Ghost Trick is the strangest, most perfectly made sense game ever.
A murder mystery in puzzle game form, Ghost Trick: Ace Attorney and Dino Crisis 2 creator Takumi Shu's Ghost Trick: Phantom Detective is about a dead man who routinely says things like "Oh, by the way, the desk lamp is right" after talking to a possessed inanimate object. Protagonist. And the lamp was right. In the world of "Ghost Trick," even the source of light can help unravel the case.
Sissel, a recently deceased hero with amnesia, was told he could go four minutes in the past to prevent a young woman from being shot by a nearsighted killer, using a bicycle, a flag, and an old guitar. Sissel saves her life then and there. And again after that.
Instead of picking out keys to find, scribbled notes to read, and people to interrogate, as in a regular mystery, you use your ghostly powers to possess everything from umbrellas to telephones, turning the lives of unjustly doomed people into the last critical moments before they die. In doing so, you will be on your way to revealing many secrets hidden in your own death.
The ironclad internal logic of Ghost Trick keeps this time-twisting monstrosity from becoming a supernatural mess. The script takes its time, directly answering questions like "If I can possess things, why can't I possess my own corpse and get out of here?" early on, and the subsequent "Hey, why am I ...... which all anticipate the situation.
Another truly elegant puzzle design in "Ghost Trick": you can't examine or manipulate what is useless. No matter how bizarre "Ghost Trick" turns out to be, you're never going to be jumping from one ridiculous object to another, grumbling, "What the hell am I supposed to do with a refrigerator and a blender?
"Ghost Trick" not only wants me to solve the mystery of the multi-layered onions, but also spares no effort to cheer me up. Sissel knows my current situation as well as I do, and I always feel as if we are working together to solve the "sudden death" thing. And whenever I have a ghostly companion, I can almost guarantee that they will enthusiastically throw something positive at me when I am trying to solve another problem. If I make a big mistake at the last moment, the ghost trick doesn't care.
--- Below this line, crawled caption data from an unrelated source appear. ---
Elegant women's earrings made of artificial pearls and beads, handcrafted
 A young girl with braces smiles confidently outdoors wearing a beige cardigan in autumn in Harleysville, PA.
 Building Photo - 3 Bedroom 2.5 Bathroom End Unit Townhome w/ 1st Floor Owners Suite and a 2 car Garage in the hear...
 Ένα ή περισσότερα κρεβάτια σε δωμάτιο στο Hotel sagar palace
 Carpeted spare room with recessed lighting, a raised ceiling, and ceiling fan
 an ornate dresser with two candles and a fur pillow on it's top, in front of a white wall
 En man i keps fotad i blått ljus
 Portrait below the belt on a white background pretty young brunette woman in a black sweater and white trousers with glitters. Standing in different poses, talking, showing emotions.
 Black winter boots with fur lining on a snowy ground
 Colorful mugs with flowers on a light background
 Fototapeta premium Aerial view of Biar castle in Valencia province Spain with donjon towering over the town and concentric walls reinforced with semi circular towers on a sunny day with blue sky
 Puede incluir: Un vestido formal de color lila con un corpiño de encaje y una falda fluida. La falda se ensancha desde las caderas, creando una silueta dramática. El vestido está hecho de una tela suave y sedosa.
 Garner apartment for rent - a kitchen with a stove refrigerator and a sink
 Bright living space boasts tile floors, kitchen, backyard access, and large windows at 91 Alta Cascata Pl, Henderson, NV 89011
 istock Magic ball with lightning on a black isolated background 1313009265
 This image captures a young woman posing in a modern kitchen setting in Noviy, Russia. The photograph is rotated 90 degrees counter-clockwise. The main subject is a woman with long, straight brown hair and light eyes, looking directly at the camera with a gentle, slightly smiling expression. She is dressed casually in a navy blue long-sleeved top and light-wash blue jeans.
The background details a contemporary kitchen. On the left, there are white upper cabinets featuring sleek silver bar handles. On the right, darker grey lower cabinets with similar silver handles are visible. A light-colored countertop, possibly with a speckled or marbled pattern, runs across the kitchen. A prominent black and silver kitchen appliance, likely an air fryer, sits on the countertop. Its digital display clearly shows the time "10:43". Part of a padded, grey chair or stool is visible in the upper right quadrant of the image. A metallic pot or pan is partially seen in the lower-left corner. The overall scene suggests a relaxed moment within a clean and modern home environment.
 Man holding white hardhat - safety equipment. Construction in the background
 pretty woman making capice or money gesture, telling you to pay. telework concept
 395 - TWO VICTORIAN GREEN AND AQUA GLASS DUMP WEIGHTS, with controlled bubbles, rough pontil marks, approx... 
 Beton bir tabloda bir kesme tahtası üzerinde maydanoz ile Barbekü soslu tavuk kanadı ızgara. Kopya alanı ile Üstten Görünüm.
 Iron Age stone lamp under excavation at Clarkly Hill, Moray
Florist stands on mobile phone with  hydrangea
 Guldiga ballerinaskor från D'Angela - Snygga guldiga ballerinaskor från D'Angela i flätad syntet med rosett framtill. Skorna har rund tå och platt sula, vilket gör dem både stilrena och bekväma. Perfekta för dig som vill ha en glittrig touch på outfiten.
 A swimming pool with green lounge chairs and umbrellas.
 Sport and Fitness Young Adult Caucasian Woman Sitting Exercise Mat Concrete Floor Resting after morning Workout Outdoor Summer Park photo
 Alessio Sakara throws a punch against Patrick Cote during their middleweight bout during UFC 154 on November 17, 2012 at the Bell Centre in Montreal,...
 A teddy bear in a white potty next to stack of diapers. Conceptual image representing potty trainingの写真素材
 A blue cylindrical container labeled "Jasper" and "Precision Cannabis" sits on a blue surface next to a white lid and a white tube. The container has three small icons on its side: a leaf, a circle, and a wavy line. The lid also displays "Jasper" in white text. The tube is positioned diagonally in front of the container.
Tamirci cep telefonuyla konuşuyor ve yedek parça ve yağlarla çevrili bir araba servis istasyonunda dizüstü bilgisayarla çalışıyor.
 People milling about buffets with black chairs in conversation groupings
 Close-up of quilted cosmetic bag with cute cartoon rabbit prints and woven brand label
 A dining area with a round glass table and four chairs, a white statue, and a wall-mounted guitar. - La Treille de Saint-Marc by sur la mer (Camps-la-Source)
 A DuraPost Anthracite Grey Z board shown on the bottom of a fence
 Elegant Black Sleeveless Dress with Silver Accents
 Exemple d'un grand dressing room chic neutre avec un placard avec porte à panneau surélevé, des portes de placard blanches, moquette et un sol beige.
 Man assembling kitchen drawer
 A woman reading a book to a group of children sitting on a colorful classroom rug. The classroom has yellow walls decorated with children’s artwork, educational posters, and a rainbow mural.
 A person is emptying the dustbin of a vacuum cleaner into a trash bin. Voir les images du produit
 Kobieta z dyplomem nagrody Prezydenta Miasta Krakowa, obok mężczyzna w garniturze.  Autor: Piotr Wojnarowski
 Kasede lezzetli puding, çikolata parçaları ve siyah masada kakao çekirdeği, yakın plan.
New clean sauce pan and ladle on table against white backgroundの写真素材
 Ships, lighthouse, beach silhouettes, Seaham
Cicelle's ability to rewind time means that mistakes and retries are literally built into the plot.
This jovial attitude would normally feel out of place in a game where you can't go five minutes without someone getting killed, but "Ghost Trick" knows how to keep things light. There is always an ACME-like logic to the ghosts' actions, and before you know it, they are rolling doughnuts and possessing Christmas ornaments like the lead characters in the old Looney Tunes cartoons. This knowing and unknowing absurdity allowed me to immerse myself in death after death without feeling creepy.
Even as I struggled and exhausted every scrap of dialogue I could find, the gorgeous, artistically exaggerated animation of the stylishly textured cast kept me moving. It was the first time I had ever seen a woman with a wine glass stuck to her perfectly manicured hand light a match behind her back, and that memory will stay with me forever. I swear, no one in this game can even sit in a chair without making it look like an event.
More than just beautiful, these extravagant productions give us a glimpse into the personality of each character. The contrast between the uptight guard and the guard slumped over the back of his chair is immediately apparent, even before a word is spoken. The hired man's expertise is evident in each of his precise movements. The junkyard superintendent casually slides down the railing of the office staircase, silently demonstrating his familiarity with the building.
No matter which of the game's graphical choices you make for this game - screen resolution, windowed/non-windowed mode, aspect ratio, etc. - "Ghost Trick" is always presented in a pillar-box window within a 4:3 play area. One would wonder why Capcom didn't add full 16:9 screen support to the HD remaster of the old DS game. Asking for more than that seems as wrong as asking an AI to draw anything outside the Mona Lisa's frame.
"Ghost Trick" is so beautifully made that I'm willing to call it art, and I'm not going to zoom in on the top or bottom of the art, stretch it out, or invent new things to go to the edges (except for modest wallpaper, but "Ghost Trick" has a healthy selection). It's a shame, though, that Capcom didn't add more aspect ratio support; there's no way to take advantage of the extra space on Steam Deck's 16:10 screen. And oddly enough, when the resolution is reduced to the CRT-optimized 640x480, instead of the play area filling the entire 4:3 window, a large amount of space is lost due to pillarboxing and letterboxing.
But this is the game equivalent of a can't-miss crime novel, a gripping mystery where every answer leads to three more questions and ten seemingly unrelated people and places are connected in ways you never imagined. I honestly couldn't stop until I had finished it, and once I did, I wanted to dive back into it again, exploring between every line and poking at every object to see what more I could discover in this treasure of a story, without worrying about deadlines. [The game's Steam Deck has been verified, so you can (and should) enjoy this unforgettable adventure on the go.